Wenn es staatliche Geheimdienste oder besonders durchtrieben-intelligente Hacker auf Sie abgesehen haben, werden Sie davon nichts mitbekommen - zumindest zunächst einmal nicht. Sie forschen Sie leise und langsam aus und starten ihre Angriffsmanöver mit chirurgischer Präzision, um Ihnen Ihren Datenschatz zu entreißen.
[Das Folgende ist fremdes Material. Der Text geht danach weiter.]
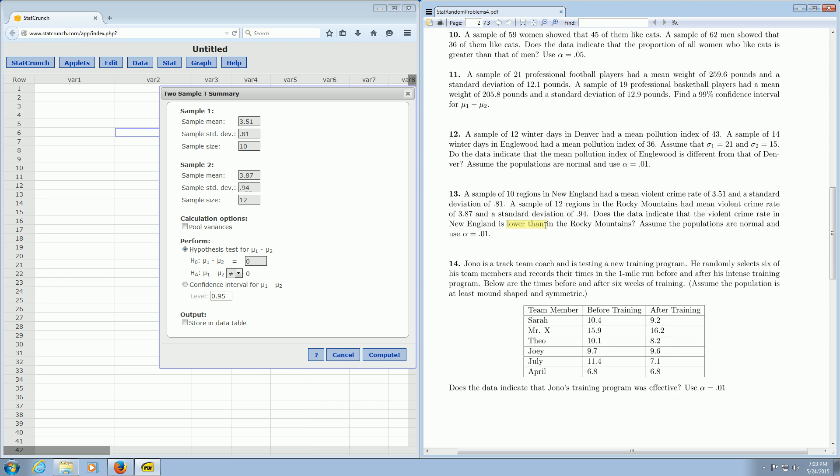Because it says lower than, we're going to click Less Than. Usually this comes from the last sentence. Not always, but 99% of the time you will be correct. Let's go ahead and click Compute.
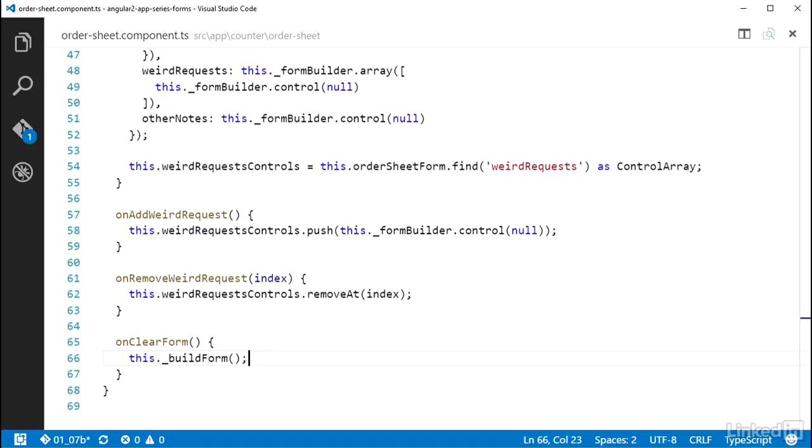This involves adding a property on the component class. I'll name this formActive and set it to a Boolean value of true.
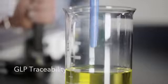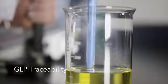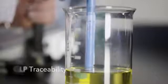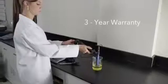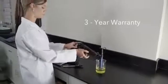All models come standard with GLP traceability, sensors that store serial numbers and calibration data, USB connectivity to manage data, and a three-year warranty.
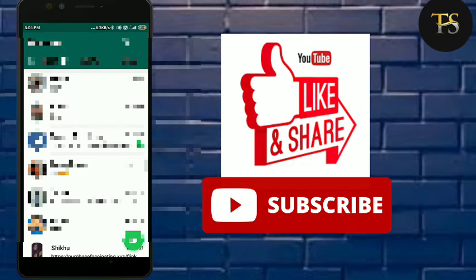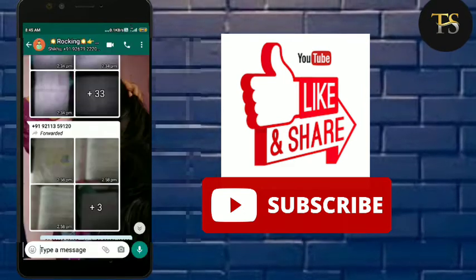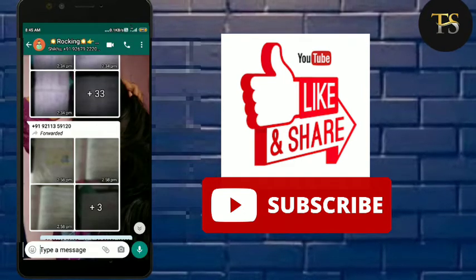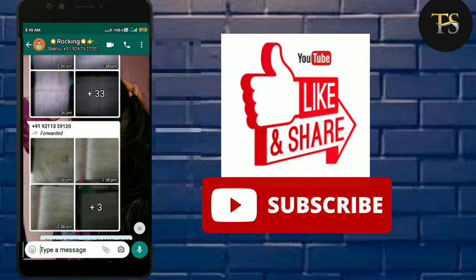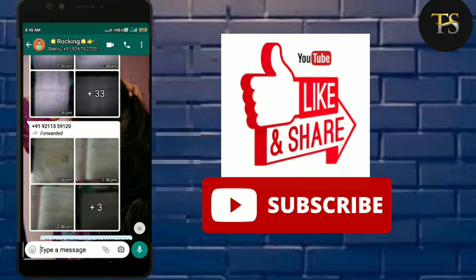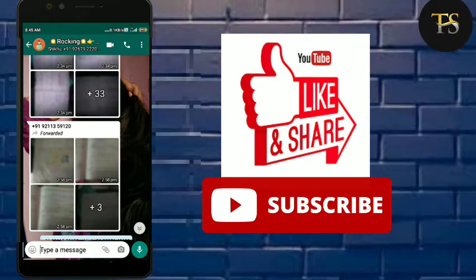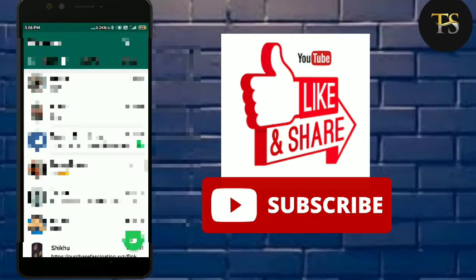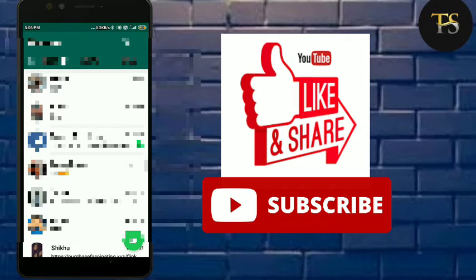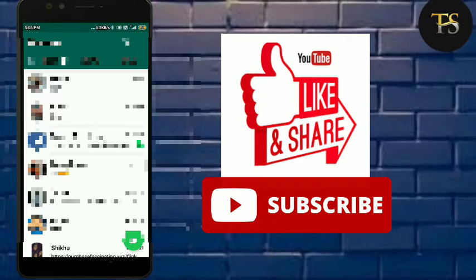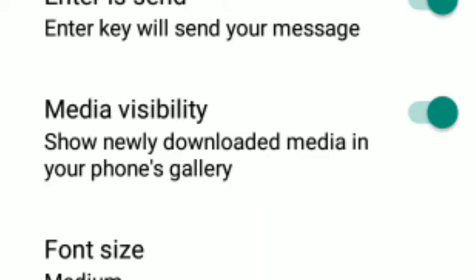So guys, if you don't want a particular person's media or group media to be saved in your gallery, then you can do it. You should know what media visibility is. If you have media visibility enabled, then anything sent to you will be saved to your gallery.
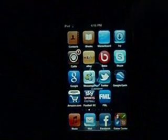Hey YouTube, today I'm going to show you how to use the WinterBoard app that you can download from Cydia.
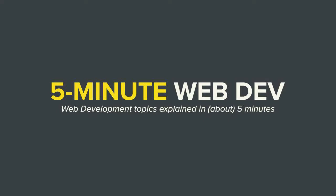Hey everybody. You're watching 5-Minute Web Dev, and this is another episode in our series, 5-Minute JavaScript. Today's topic is hoisting.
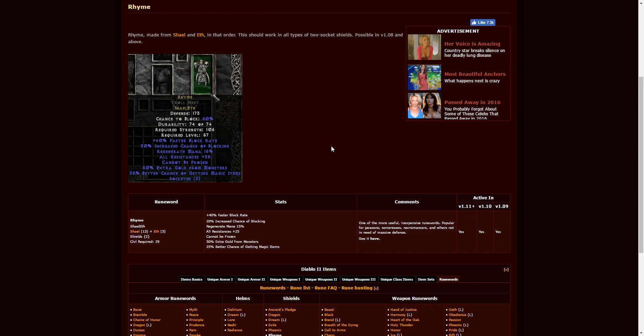Rime. This is Shael, Um, Eth, two-socketed shields. This is a great item because it gives you faster block rate, increased blocking, regenerate mana, 15%, resistance is plus 25. And on top of that, you cannot be frozen. You're going to find more gold and you have a better chance of finding magical items. For a caster, there's really not much you're going to find, if anything, that's better. Shael, Um, Eth, it does require level 29, however. But that's still on the lower end of leveling up. Level 29 is what, Act 2, maybe Act 3 or so, somewhere around there. So not too difficult.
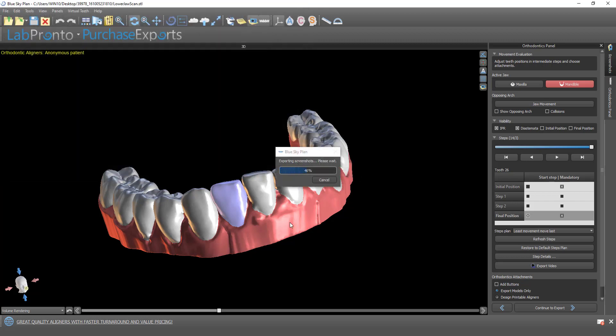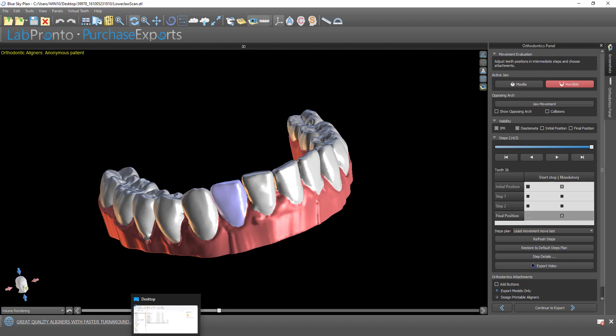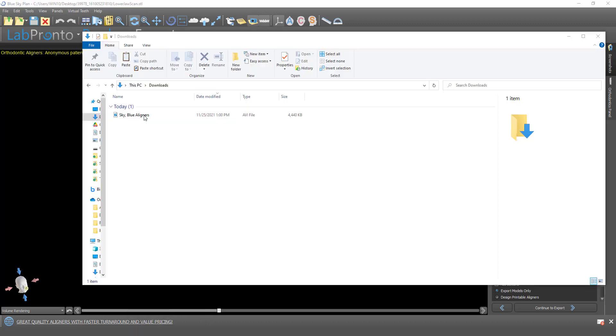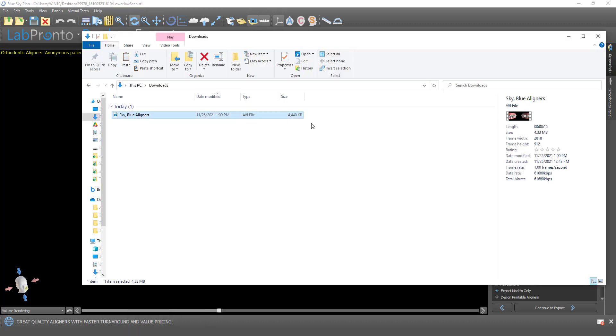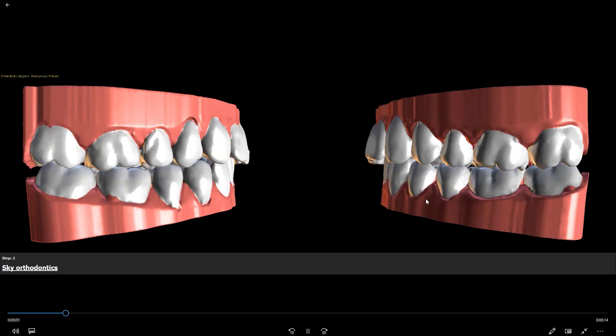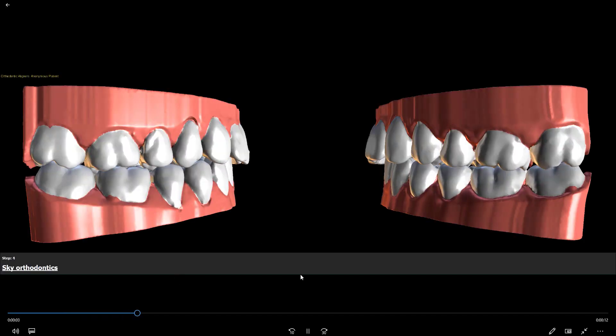I'm going to go ahead and click on save. Here is our video file. We can see it's four megabytes, so it's very small and easy to transfer and share.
Die meisten dieser Angreifer wissen genau, wie sie sich zu verhalten haben, damit sie unbeobachtet bleiben - und ab wann es besser ist, sich zu erkennen zu geben, weil sie dann von Ihrer Panik noch weiter profitieren können.
Professionelle Hacker verschleierten ihre Präsenz in sensiblen Bereichen von Unternehmens- und Behördennetzen zunächst, um sich dann später ganz bewusst zu erkennen zu geben, um ein bestimmtes Ziel zu erreichen, erklärt Danny Rogers, CEO beim Data-Intelligence-Anbieter Terbium Labs. Aber selbst wenn sie den Angegriffenen spüren ließen, dass es gibt, bewahrten sie sich so viel Verborgenheit wie möglich, um auch für künftige Aktionen ausreichend unerkannt zu bleiben. Rogers: "Wenn sie Ihre Arbeit gut machen, wie sollen wir dann überhaupt wissen, dass sie da sind?" Viele bekannt gewordene Fälle zeigen: Angreifer halten sich häufig Monate, gar Jahre in Unternehmensnetzen auf, ohne dass es auch nur den leisesten Verdacht gibt.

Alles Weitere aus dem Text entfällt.